A common mistake is to set the idle-speed screw to keep the
carburetor open too far. The low-speed needle must then be
artificially rich to bring the idle down to a reasonable rpm. The
symptoms are similar to a too rich low-speed-mixture setting;
there’s just a delay in the loss of engine rpm. How do you avoid
this? This is also something that becomes easier with experience,
but just continue to reduce the idle speed and lean the mixture
until you know you can’t go any further. Bottom line: adjust the
idle-speed screw to suit the fuel-mixture setting, not the other way
around.
The simplest and most foolproof method to properly set the
low-speed mixture is, again, to do it on the track. Set the
low-speed needle so your car gets the strongest launch after sitting
still for about 10 seconds. The engine should be able to pull
strongly off the line without hesitation. A noticeable hesitation
might be the result of either a rich or a lean low-speed mixture;
knowing the difference takes experience, but look for signs that
help point you in the right direction. How an engine decelerates can
tell you as much as how it accelerates. If the engine spools down
and rpm drops uncharacteristically low, it indicates that the
low-speed-mixture setting is too rich. Or, if the engine takes too
long to reach a steady idle and seems to want to keep revving, that
tells you the low-speed-mixture setting is too lean. It can also
indicate a lean high-speed-mixture setting, but that setting should
have been addressed by properly setting the high-speed mixture
first.
It will take a little
time to get it right. If you make small adjustments and are patient,
you really can’t do anything wrong. An adjustment you make in the
wrong direction is reflected in engine performance; to correct the
problem, simply go the other way.
CHANGING
FUEL
Changing to a
higher percentage of nitro fuel sounds like an easy method of
developing more horsepower, but it isn’t always that simple. Without
getting into all the particulars of nitro fuel, I’ll just say that
there is a point where you can have too much nitro. Adding up to 10
percent more nitro than is typical produces more power, but you have
to know how to adjust your engine to accommodate the extra nitro.
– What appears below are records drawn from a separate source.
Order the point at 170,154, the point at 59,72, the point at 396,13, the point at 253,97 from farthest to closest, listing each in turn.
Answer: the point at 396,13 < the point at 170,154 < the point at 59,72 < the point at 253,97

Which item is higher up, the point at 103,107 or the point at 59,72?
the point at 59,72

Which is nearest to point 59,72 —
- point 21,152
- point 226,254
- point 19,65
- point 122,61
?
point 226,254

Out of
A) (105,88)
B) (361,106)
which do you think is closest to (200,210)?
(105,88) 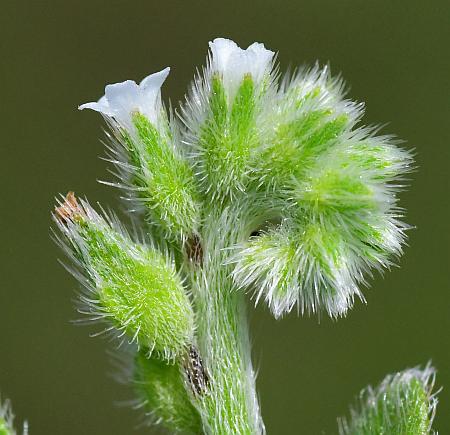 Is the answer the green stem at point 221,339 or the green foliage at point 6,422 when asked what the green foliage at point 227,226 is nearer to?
the green stem at point 221,339

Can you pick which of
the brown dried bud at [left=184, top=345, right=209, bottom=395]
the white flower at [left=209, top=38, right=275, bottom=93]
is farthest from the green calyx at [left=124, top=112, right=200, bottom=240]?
the brown dried bud at [left=184, top=345, right=209, bottom=395]

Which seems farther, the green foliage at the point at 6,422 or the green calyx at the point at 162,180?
the green calyx at the point at 162,180

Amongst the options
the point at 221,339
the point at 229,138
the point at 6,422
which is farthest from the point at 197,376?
the point at 229,138

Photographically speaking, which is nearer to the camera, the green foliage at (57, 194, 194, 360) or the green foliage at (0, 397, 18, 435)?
the green foliage at (0, 397, 18, 435)

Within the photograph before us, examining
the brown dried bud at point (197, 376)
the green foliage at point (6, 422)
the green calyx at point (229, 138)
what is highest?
the green calyx at point (229, 138)

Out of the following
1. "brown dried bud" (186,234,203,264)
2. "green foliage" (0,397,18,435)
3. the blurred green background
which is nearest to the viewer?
"green foliage" (0,397,18,435)

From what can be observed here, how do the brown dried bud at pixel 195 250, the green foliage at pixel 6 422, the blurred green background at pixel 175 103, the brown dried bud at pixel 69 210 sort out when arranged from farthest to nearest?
the blurred green background at pixel 175 103, the brown dried bud at pixel 195 250, the brown dried bud at pixel 69 210, the green foliage at pixel 6 422

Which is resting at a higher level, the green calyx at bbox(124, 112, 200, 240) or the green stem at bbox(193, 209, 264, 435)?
the green calyx at bbox(124, 112, 200, 240)

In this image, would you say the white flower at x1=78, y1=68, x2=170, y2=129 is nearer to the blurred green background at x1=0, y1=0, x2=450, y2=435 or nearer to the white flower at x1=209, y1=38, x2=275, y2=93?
the white flower at x1=209, y1=38, x2=275, y2=93

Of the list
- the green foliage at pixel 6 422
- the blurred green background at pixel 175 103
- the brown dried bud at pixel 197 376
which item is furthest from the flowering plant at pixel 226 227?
the blurred green background at pixel 175 103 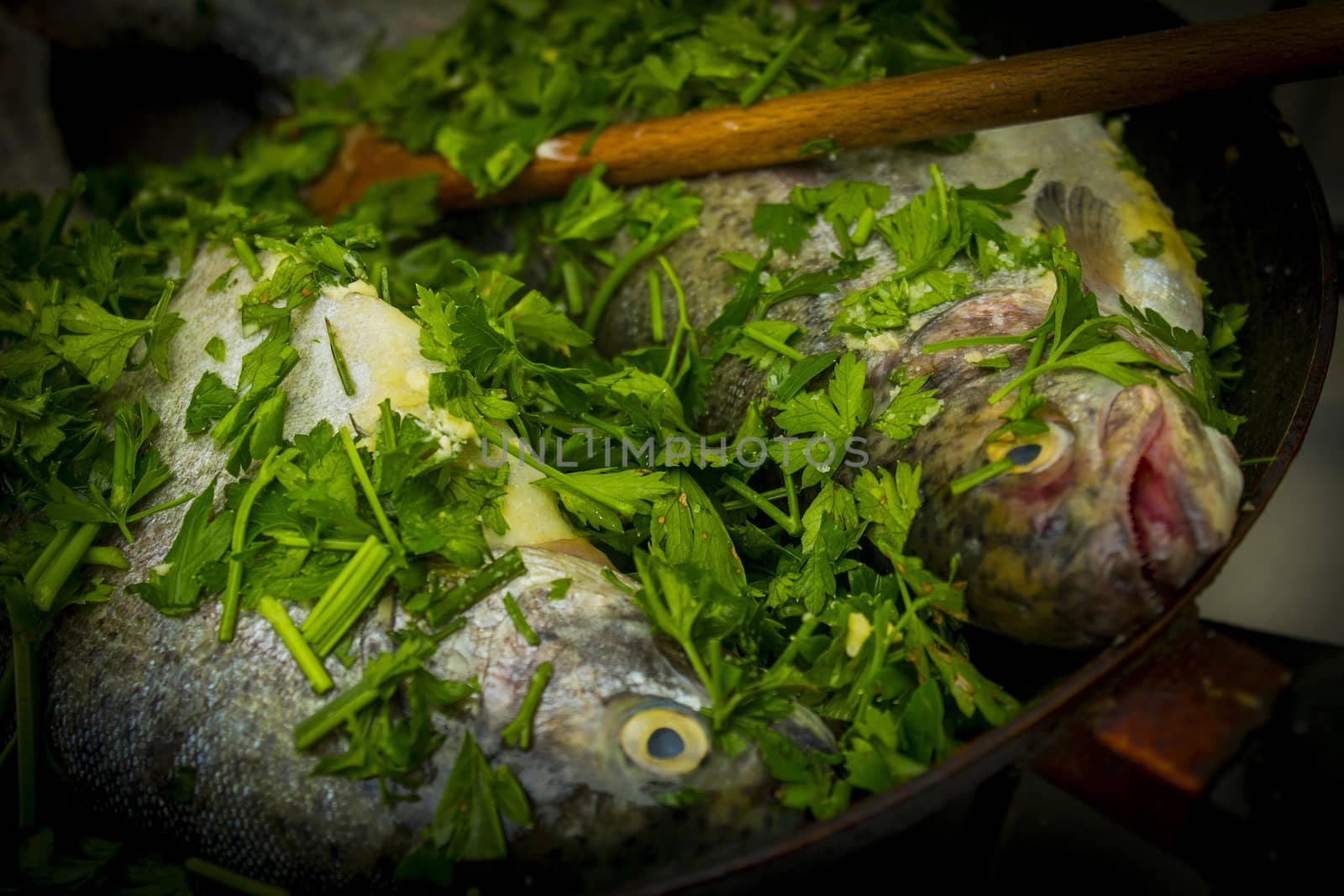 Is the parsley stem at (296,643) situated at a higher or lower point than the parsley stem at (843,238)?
lower

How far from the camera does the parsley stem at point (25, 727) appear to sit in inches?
54.6

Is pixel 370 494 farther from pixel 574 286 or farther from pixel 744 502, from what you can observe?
pixel 574 286

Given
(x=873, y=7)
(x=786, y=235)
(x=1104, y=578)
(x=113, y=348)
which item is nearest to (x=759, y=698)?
Result: (x=1104, y=578)

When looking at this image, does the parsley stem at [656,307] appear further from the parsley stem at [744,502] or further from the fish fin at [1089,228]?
the fish fin at [1089,228]

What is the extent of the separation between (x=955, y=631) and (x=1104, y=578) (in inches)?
12.2

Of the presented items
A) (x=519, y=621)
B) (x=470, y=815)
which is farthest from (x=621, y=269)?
(x=470, y=815)

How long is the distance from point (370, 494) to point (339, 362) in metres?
0.28

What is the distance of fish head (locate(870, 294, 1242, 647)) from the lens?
1.21 m

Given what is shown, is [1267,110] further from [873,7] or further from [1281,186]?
[873,7]

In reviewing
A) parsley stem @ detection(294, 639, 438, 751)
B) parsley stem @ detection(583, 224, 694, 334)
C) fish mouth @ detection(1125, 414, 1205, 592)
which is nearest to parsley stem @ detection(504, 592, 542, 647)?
parsley stem @ detection(294, 639, 438, 751)

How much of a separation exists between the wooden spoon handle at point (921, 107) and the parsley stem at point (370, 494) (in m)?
1.09

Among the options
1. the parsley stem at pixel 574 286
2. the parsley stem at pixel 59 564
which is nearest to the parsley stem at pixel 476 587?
the parsley stem at pixel 59 564

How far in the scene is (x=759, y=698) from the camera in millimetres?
1291

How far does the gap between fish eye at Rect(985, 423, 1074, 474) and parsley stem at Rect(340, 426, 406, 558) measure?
34.6 inches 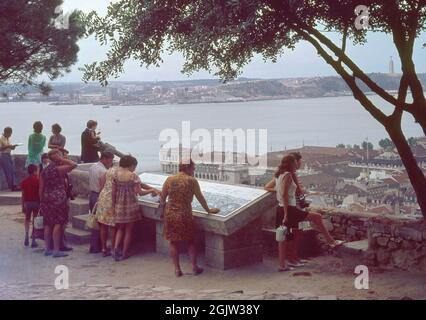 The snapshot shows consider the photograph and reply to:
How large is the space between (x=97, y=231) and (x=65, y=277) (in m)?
1.57

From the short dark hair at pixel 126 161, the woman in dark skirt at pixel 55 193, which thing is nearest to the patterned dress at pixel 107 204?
the short dark hair at pixel 126 161

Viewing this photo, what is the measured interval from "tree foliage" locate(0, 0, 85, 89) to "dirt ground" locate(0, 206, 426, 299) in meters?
6.55

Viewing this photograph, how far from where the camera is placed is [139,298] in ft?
17.3

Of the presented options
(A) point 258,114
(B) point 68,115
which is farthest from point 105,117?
(A) point 258,114

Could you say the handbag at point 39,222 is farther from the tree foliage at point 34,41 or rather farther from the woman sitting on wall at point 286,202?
the tree foliage at point 34,41

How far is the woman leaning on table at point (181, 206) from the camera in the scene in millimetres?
7352

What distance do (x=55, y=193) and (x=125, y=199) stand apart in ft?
3.09

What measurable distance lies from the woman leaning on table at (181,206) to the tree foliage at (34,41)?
7.38 metres

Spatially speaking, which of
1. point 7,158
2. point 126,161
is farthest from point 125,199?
point 7,158

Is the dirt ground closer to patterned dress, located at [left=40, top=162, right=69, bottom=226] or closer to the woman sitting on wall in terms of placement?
the woman sitting on wall

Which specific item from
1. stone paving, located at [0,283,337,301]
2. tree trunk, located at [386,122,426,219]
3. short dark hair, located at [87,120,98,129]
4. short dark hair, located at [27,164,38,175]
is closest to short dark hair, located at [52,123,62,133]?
short dark hair, located at [87,120,98,129]

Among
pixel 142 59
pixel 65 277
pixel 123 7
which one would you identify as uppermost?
pixel 123 7

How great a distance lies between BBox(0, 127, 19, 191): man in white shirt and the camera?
13414 millimetres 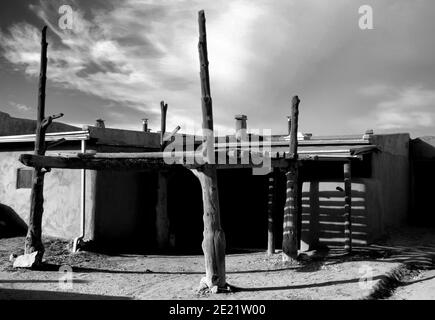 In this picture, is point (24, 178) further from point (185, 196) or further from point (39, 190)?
point (185, 196)

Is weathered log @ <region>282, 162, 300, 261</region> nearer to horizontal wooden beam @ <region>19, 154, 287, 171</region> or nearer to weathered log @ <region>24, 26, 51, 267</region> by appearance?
horizontal wooden beam @ <region>19, 154, 287, 171</region>

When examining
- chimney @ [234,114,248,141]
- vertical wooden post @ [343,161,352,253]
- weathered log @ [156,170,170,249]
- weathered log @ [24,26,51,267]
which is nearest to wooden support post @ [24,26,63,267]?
weathered log @ [24,26,51,267]

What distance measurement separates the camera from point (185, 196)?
14352mm

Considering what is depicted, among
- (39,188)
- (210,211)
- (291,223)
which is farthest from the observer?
(291,223)

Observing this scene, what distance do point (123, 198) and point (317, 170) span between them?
19.7ft

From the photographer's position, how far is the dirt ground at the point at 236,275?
7680mm

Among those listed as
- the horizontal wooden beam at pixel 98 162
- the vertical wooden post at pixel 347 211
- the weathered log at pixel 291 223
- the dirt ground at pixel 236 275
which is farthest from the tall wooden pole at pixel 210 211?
the vertical wooden post at pixel 347 211

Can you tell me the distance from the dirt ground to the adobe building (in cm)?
89

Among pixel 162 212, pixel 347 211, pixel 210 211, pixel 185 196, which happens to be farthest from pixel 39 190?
pixel 347 211

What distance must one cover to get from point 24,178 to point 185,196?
5.17 metres

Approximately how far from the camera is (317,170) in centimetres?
1323

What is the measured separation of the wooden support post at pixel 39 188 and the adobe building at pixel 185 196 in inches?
67.9

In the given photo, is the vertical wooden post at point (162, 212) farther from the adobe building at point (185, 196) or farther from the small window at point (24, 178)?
the small window at point (24, 178)

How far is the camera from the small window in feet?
44.3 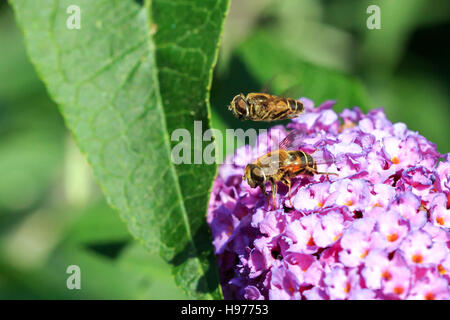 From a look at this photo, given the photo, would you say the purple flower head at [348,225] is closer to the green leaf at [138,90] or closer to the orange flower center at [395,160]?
the orange flower center at [395,160]

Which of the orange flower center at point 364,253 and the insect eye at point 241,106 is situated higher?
the insect eye at point 241,106

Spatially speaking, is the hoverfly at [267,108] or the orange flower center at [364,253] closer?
the orange flower center at [364,253]

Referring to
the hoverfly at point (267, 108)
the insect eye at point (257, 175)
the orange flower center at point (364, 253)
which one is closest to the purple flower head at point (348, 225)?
the orange flower center at point (364, 253)

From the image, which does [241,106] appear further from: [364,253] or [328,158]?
[364,253]

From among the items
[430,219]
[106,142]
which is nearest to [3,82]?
[106,142]

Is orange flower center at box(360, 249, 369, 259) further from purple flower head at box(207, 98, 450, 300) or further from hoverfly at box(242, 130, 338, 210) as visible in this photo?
hoverfly at box(242, 130, 338, 210)

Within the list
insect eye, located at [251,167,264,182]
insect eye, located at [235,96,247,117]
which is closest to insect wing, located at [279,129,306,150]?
insect eye, located at [251,167,264,182] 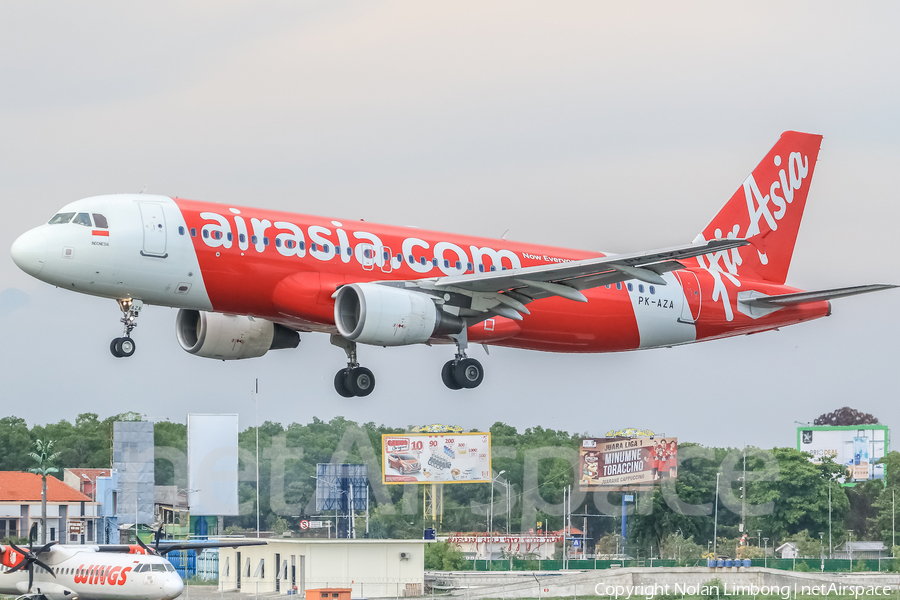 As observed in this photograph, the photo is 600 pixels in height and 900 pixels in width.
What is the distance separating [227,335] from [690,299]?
626 inches

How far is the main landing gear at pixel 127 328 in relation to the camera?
115 ft

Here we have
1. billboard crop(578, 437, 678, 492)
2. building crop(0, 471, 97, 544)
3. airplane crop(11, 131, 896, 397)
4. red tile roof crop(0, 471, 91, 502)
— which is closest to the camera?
airplane crop(11, 131, 896, 397)

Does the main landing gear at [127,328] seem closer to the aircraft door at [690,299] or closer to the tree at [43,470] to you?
the aircraft door at [690,299]

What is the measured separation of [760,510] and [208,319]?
285ft

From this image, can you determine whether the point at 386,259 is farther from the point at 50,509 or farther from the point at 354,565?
the point at 50,509

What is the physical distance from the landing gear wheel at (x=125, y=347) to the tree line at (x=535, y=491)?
69.6 m

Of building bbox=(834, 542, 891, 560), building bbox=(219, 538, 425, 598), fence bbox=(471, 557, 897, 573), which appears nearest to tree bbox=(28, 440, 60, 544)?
building bbox=(219, 538, 425, 598)

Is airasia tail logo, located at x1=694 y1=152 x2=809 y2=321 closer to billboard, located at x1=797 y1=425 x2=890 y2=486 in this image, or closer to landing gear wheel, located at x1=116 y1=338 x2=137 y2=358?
landing gear wheel, located at x1=116 y1=338 x2=137 y2=358

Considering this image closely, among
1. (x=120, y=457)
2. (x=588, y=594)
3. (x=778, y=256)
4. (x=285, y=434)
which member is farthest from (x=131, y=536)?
(x=778, y=256)

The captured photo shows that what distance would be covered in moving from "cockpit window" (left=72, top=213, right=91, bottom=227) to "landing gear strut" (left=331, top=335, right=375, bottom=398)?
9.41 m

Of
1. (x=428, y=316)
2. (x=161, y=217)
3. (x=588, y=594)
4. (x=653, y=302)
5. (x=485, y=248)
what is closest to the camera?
(x=161, y=217)

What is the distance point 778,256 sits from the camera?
157 feet

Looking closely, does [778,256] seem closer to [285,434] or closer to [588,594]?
[588,594]

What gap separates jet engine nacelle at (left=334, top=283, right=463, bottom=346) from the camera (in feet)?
118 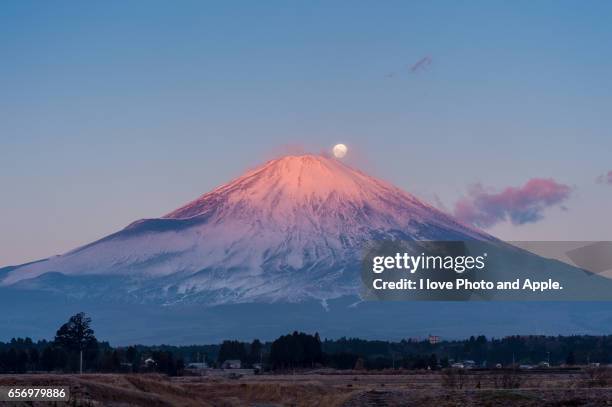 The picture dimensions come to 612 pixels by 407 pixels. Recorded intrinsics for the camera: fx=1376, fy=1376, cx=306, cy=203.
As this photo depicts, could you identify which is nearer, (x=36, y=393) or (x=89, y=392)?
(x=36, y=393)

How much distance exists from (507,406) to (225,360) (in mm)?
119429

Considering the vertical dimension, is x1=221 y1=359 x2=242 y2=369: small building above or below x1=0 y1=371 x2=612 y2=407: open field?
above

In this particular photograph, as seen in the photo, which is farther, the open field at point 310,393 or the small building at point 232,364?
the small building at point 232,364

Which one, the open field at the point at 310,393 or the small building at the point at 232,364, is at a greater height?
the small building at the point at 232,364

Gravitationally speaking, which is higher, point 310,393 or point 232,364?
point 232,364

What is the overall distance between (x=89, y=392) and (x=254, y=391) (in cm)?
2373

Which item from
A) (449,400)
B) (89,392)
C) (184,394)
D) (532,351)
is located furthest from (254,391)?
(532,351)

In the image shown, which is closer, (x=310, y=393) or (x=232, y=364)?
(x=310, y=393)

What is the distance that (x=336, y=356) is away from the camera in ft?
484

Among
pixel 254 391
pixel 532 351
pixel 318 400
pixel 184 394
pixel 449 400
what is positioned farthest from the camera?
pixel 532 351

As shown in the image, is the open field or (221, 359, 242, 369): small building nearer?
the open field

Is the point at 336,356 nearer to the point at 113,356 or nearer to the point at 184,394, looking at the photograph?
the point at 113,356

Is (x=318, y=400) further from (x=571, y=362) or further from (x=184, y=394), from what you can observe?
(x=571, y=362)

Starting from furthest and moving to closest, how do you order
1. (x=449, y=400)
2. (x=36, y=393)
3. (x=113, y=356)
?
(x=113, y=356)
(x=449, y=400)
(x=36, y=393) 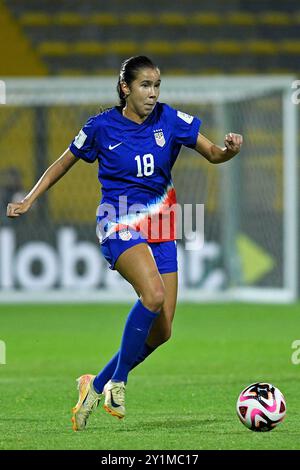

Fuel-mixture settings need to be slightly richer when nitro content
is increased. Also, you may have to increase head clearance by
adding an extra head shim. The extra fuel introduced into the
combustion chamber increases compression by adding non-compressible
matter; this also increases cylinder pressure during the combustion
process, which may cause detonation. Detonation occurs when the fuel
explodes instead of burning, and that can cause internal engine
damage. The extra head shim will likely prevent detonation when fuel
with higher nitro content is used.
A final note about fuel: fuel with a lower oil content (for
manufacturers that actually disclose the amount of oil in their
fuels) should be run with a richer mixture setting. This doesn’t so
much relate to performance as it does to the benefit of the engine.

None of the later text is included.